A record question

Kevin Darcy kcd at daimlerchrysler.com
Thu Jan 4 19:55:23 UTC 2001


Okay, here are the basic ground rules regarding A records and CNAMES:

1. A name can own any number of A records (sometimes this is called a
"round robin")

2. Any number of A records with different names can point to any given
address (note that this creates a usually-harmless reverse-record
ambiguity, i.e. to which of those names should the reverse record
point?).

3. If a name owns a CNAME (i.e. is an alias name), then legally it can
own only *one* CNAME record. That is to say, a given alias target can
have multiple CNAMEs pointing to it, but you can't have multiple
CNAME records with the same name pointing to different targets. CNAMEs
are therefore fundamentally more restrictive (potentially
many-to-one) than A records (potentially many-to-many). Older versions of
BIND allowed multiple CNAMEs, but this was always illegal and now the
option to permit this has been discontinued (as of BIND 9). Just don't do
it.

4. Not only can CNAME records with the same name not co-exist with each
other, but a CNAME record can't co-exist with other
"regular" (non-DNSSEC-related) record types having the same name either.
Of most relevance, CNAME records can't co-exist with A, MX, NS or
SOA records.

4a.
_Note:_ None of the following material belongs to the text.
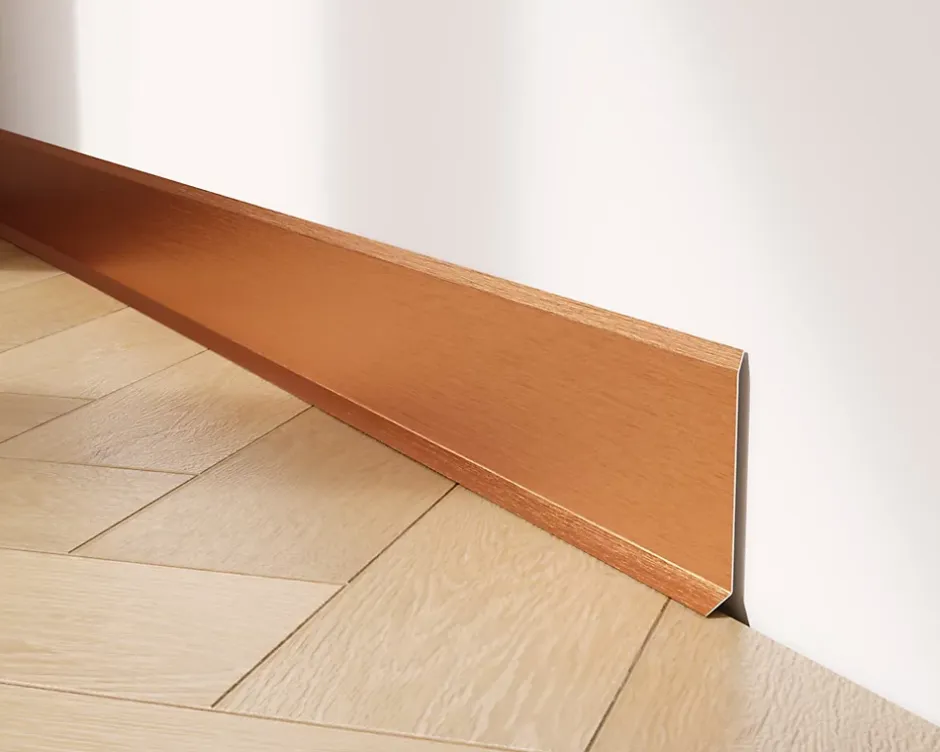 Ilcom Plinthe décorative pour mur F Cuivre satiné - 80mm x 2700mm x 0,65 ep.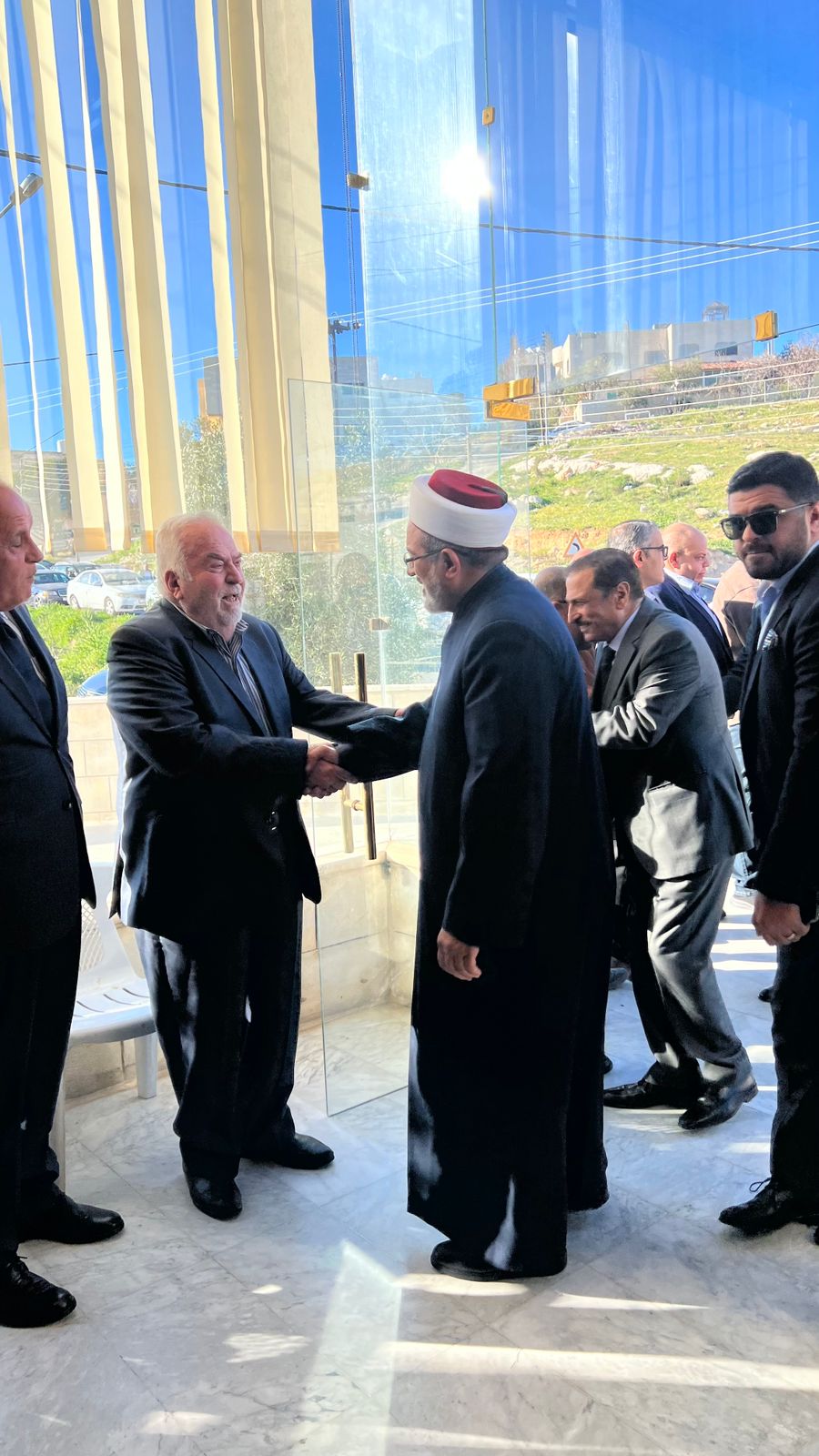 Madar Al-Saa Images 0.08081701789715989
The most common consequence of the rule above is that the name of a
registered-and-active domain *cannot* own a CNAME. This is because a
registered-and-active domain is a *zone* which means it has at least an
SOA record and at least 1 -- preferably more -- NS records. The
CNAME can't co-exist with these. So, for example, as much as I might
prefer to make "chrysler.com" an alias for some other name, I can't.
Because I wanted that name to resolve to an address, I had to add an A
record specifically for that purpose, rather than a CNAME. What many
folks do to reduce maintenance and remove the reverse-record ambiguity is
add an A record for the name of the domain itself, and then make any
other names which should resolve to the same address aliases for it, e.g.
make www.example.com an alias for example.com, and so on and so forth for
mail.example.com, ftp.example.com, etc. if they all happen to be names
for the same machine.

5. Any name that is on the righthand side of a DNS resource record must
*not* be an alias (that is, a name which owns a CNAME). It should be a
"canonical" name , i.e. in most cases it should be a name which owns an
A record. This rule usually crops up in the context of people trying
(unsuccessfully) to use aliases as MX or NS targets.


- Kevin

bind at timmy.ws wrote:

> when i set up a zone file, I usually use A records for most of the DNS
> names; is this ok to do?
>
> i.e:
>
> domain.com.     IN  A   1.2.3.4
> www             IN  A   1.2.3.4
> ftp             IN  A   1.2.3.4
>
> is it okay to give the same machine multiple A records, or should I
> use CNAME RRs? I've been hearing some bad stuff about CNAME usage, and
> it's apparently not possible to use multiple CNAMES in BIND 9.x.